*** SOURCE DATA Section Begins ***

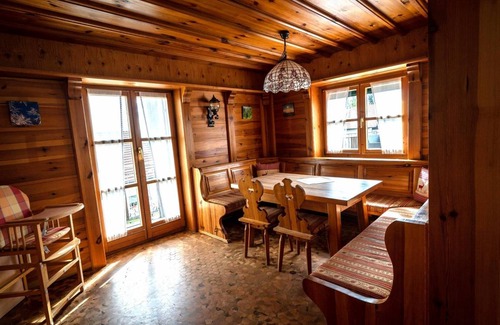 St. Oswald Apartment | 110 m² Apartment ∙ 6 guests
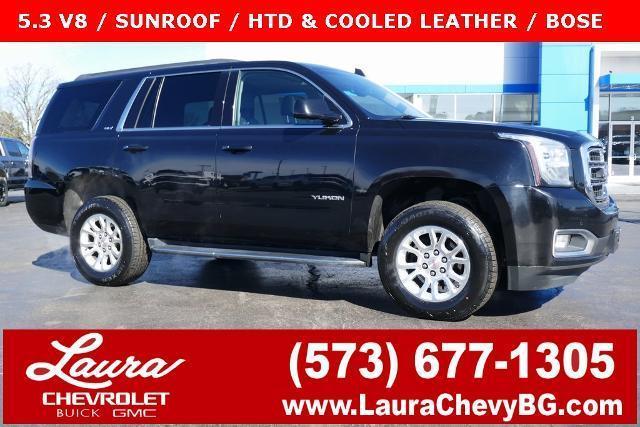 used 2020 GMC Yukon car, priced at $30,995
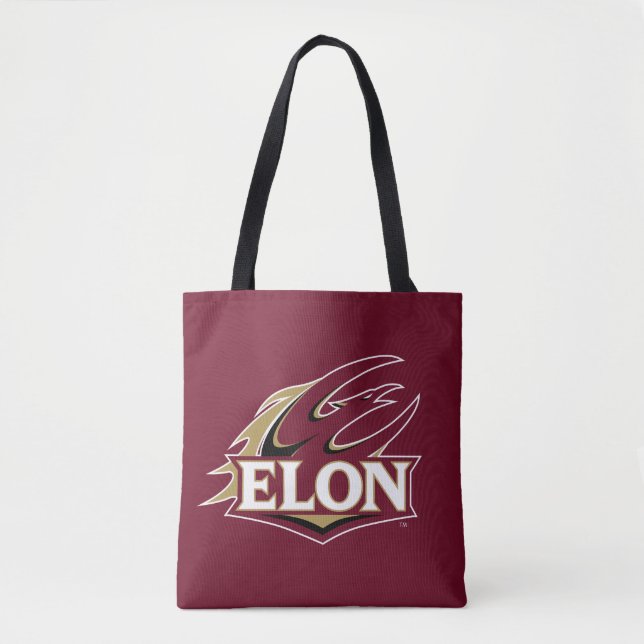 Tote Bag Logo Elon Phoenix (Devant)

*** SOURCE DATA Section Ends ***
*** SOURCE DATA Section Begins ***

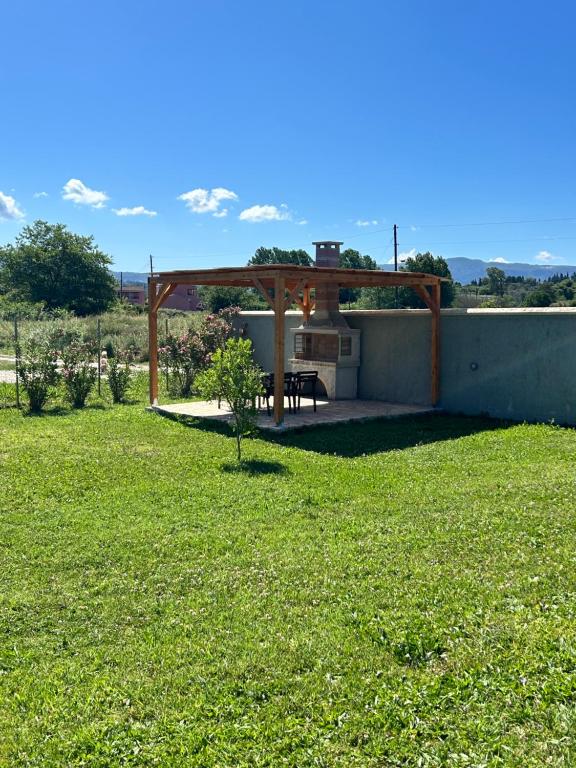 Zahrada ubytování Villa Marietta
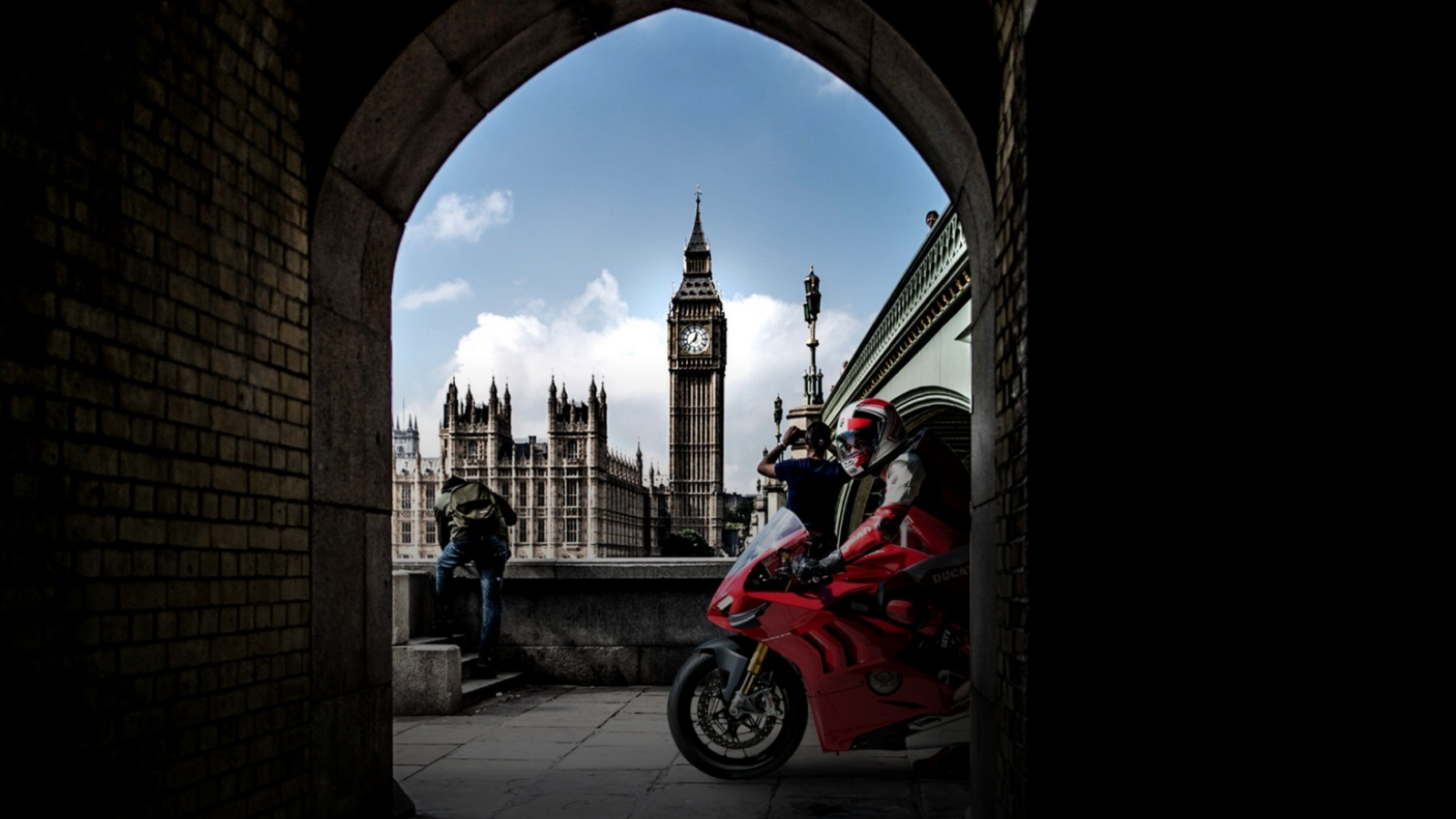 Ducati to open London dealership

*** SOURCE DATA Section Ends ***

**EXERCISE DETAILS**
In the listing above, find the line containing "St. Oswald Apartment". Output it and every line after it up to and including the line containing "Tote Bag Logo Elon Phoenix (Devant)", exactly, but skip the pictures.

**RESULT OF THE EXERCISE**
 St. Oswald Apartment | 110 m² Apartment ∙ 6 guests
 used 2020 GMC Yukon car, priced at $30,995
 Tote Bag Logo Elon Phoenix (Devant)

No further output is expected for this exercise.